Each Telum core has its own L1 and a 32MB L2. Because L2 cache data attached to one CPU core can be evicted to the L2 cache of a different core, the entire cache can also function as a 256MB “virtual” L3 for each Telum chip. Similarly, the L2 cache of a four-socket drawer can be addressed as a 2GB virtual L4 cache between all of the chips in the drawer. The L2 cache uses a 320GB/s bi-directional ring bus with an average latency of just 12ns. IBM claims that the Telum will run above 5GHz, which is no small achievement for a chip this complex.
One new feature on Telum — which also serves to illustrate the different approach IBM takes to chip design as opposed to Intel — is a new AI acceleration engine. The new engine contains 128 processing tiles designed for 8-way FP16 operations and 32 tiles for 8-way FP32 / FP16 calculations, connected via a 600GB/s bus. If Intel or AMD ever built an AI acceleration unit, we would most likely see that functionality added per core. Intel’s AVX-512 instruction set is intended to increase AI calculation performance, for example, and it’s built into each x86 CPU core. If the microarchitecture offers 1×512-bit register per CPU core and you’ve got 12 cores, you’ve got 12 registers. If you have 24 cores, you have 24 registers.
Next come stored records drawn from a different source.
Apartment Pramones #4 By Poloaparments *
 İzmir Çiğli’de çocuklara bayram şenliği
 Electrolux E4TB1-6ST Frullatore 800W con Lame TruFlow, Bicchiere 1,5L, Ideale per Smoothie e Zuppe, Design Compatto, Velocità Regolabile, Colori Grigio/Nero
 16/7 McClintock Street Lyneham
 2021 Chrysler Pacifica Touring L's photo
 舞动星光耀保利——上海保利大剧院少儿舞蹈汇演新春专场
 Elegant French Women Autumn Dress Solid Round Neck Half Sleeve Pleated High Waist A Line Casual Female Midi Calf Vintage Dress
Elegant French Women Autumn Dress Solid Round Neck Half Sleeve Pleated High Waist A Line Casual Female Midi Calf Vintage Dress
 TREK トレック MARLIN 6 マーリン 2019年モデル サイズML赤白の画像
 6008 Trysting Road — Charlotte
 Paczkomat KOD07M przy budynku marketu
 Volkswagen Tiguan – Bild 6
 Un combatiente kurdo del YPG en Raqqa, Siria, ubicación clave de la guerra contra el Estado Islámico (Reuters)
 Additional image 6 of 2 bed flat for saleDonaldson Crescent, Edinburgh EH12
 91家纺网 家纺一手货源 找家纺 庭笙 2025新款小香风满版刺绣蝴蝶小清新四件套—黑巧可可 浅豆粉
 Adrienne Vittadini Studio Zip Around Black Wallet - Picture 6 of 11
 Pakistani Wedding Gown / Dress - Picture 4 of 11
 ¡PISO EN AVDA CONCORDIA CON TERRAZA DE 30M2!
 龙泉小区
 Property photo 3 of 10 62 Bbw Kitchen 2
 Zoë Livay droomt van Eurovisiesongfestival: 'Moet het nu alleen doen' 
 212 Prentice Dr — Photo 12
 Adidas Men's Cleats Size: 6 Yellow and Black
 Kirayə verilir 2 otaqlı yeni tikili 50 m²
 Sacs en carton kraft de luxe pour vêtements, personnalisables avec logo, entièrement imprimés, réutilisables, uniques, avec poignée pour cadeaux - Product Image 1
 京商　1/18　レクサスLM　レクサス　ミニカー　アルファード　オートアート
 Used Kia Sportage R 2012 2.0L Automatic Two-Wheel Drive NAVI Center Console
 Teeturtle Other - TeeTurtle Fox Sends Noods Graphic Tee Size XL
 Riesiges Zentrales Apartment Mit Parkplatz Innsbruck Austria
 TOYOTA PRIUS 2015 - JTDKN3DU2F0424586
IBM’s AI unit, in contrast, is equally addressable from any CPU core. Instead, the AI unit serves multiple CPU cores at once, without data ever leaving the chip it’s being processed on. While this would also be true for AVX-512 instructions running on an Intel or future AMD CPU, many AI workloads are run on GPUs today. Data, therefore, flows off the CPU by necessity, and mainframes are designed to be secure at every level in a way that consumer and server hardware isn’t. Keeping the data on-die is a valuable asset in this space. IBM is particularly playing up this capability as a value-add for customers who want to run background AI tasks without compromising CPU availability or responsiveness.
There are articles that run in both directions on whether x86 servers can replace IBM mainframes or vice versa, and both claim that each solution can run laps around the other. While this may be true, it doesn’t seem to be the best way to frame the comparison. Mainframes and typical enterprise x86 systems are sold for different purposes. They run different operating systems, and after decades of differentiation, they focus on delivering top performance in specific metrics. If you don’t need the ability to hot-swap a CPU and RAM or 99.999999 percent uptime, mainframes may not be an appropriate solution. If you do need those things, a mainframe may be the smartest choice.
It’s always interesting to see what IBM is working on, even if it doesn’t directly affect the x86 market much. If nothing else, IBM’s z-system represents a road not taken in consumer computing history, and a type of CPU that has remained relevant in an x86-dominated world by being very good at what it does. Telum supposedly delivers a 40 percent increase in per-socket performance, which likely reflects the shift from 14nm to 7nm as well as the improved system architecture.